If there was a soft landing spot for Sam Burns after missing the cut at last week’s PGA Championship by nine shots, the Colonial Country Club would be it.
Not only is Burns the defending champion at this week’s Charles Schwab Challenge, but he also grew up coming to the event as a young fan. He particularly remembers several shots David Toms hit en route to his win at Colonial in 2011, and the two remain friends to this day.
“I think this event is extremely special to me just because I grew up going to this event as a kid and watching so many guys win here,” Burns said Wednesday. “I always thought it was such a cool golf course, and I always wanted to be a part of it. I just wanted to play in it.
“Then to have the chance to win and be able to do that, it means so much to me and still does. I think about this week often.”
Last year’s victory came in dramatic fashion — a playoff victory over then-Masters champ and good friend Scottie Scheffler. It was part of a run in which Burns reeled off two wins and a second-place finish in a six-event stretch.
In Burns’ typically streaky fashion, that stretch also included a pair of missed cuts.
He finds himself in somewhat of a similar pattern this year. Burns outlasted an elite field to win the Match Play event on the heels of a sixth-place finish at the Valspar Championship in March. Since then, he has gone T29, T15, T11 and had a pair of missed cuts, including last week’s PGA Championship, where he finished better than only 12 of the 156 players in the field.
Burns is seeing the silver lining, banking on the extra rest from missing the weekend at Oak Hill to help him navigate the comforting confines of Colonial. His tour experience is helping him flush the negative from last week and focus on his title defense.
“I love this golf course. It’s very similar to a golf course that I grew up on, kind of small, tree-lined. It’s very penal in certain spots,” he said.
“I think for me it almost — it kind of makes me focus a little more on the shots you’re trying to hit. I think I like that aspect of it. Just, I don’t know, I guess it fits my eye a little bit.”
Burns called Colonial a “classic golf course,” but insisted he’s not concerned about the massive $20 million renovation that will begin shortly after the final putt drops this week.
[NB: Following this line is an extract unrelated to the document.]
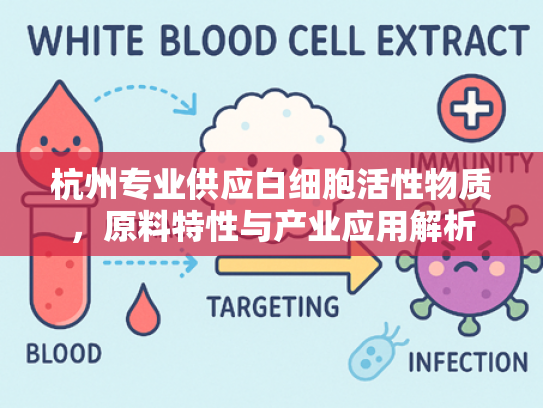 杭州专业供应白细胞活性物质，原料特性与产业应用解析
“I think the membership, from everyone I’ve talked to, is really excited about what they’re doing,” he said. “I’m really excited to see kind of how it unfolds.
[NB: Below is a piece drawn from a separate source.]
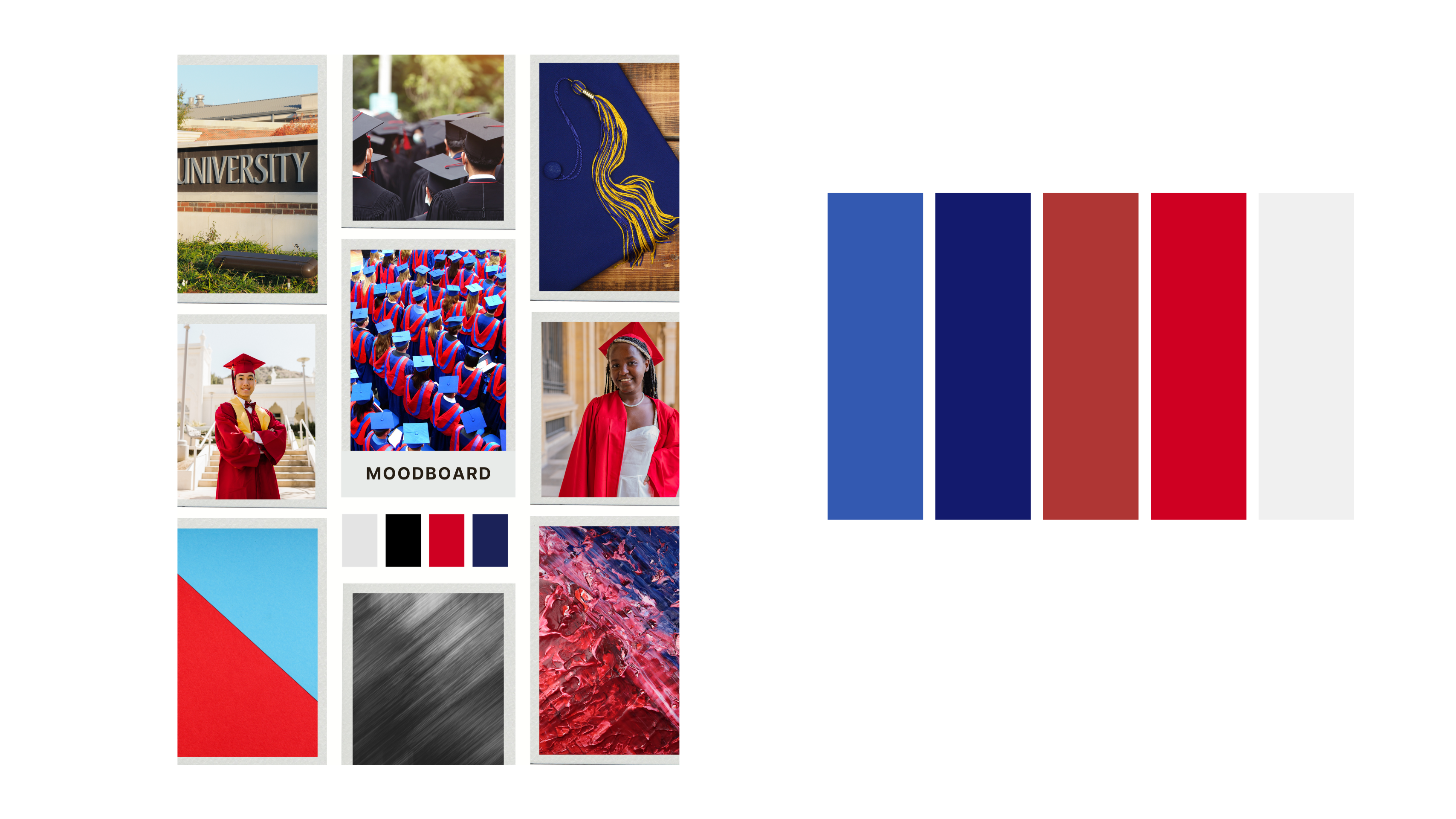 A moodboard for the University of Guelph-Humber website, featuring a collection of visual inspirations, color schemes, typography styles, and design elements.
“I know that they’re going to treat this place with care and not do anything to mess up what a great piece of property that they already have. So I’m really excited to see the changes that are going to be made.
Another one of the fun traditions at Colonial is that the winner also receives a restored classic car. Does Burns have any good stories from the 1979 custom-built Firebird Trans Am he drove away with last year?
“Yeah, maybe,” he grinned. “I’ll keep it to myself.”